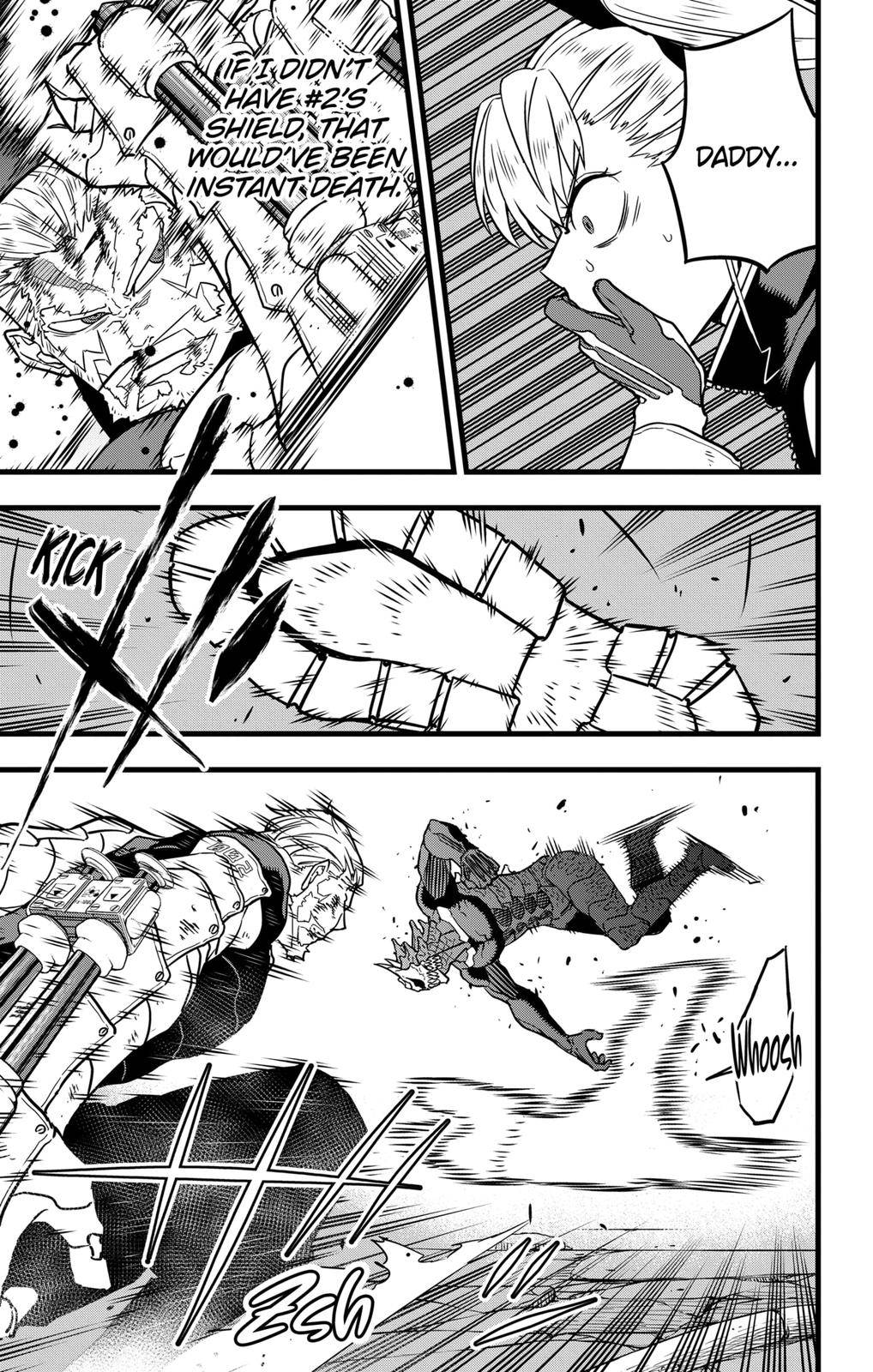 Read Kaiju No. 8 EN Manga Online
---
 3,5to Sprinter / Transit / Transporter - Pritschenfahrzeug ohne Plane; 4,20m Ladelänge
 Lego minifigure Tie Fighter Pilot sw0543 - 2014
==
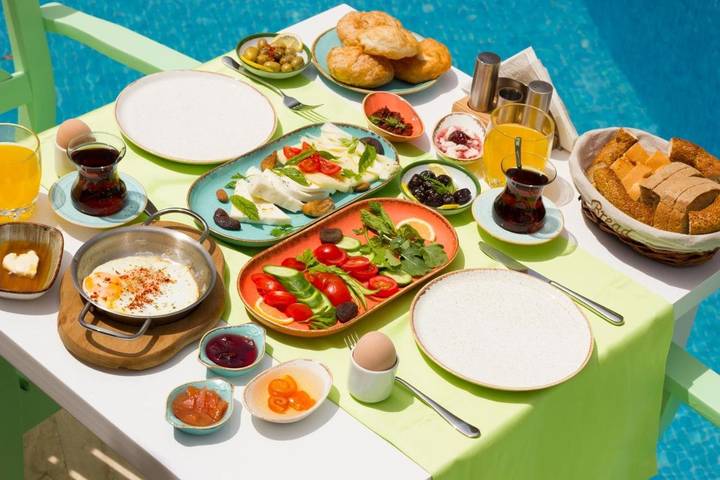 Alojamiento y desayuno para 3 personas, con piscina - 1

*Instructions for the task:* Everything above from the line with "3,5to Sprinter /" to the line with "Lego minifigure Tie", both included, must be repeated exactly, and nothing outside that range.

*Reply:*
 3,5to Sprinter / Transit / Transporter - Pritschenfahrzeug ohne Plane; 4,20m Ladelänge
 Lego minifigure Tie Fighter Pilot sw0543 - 2014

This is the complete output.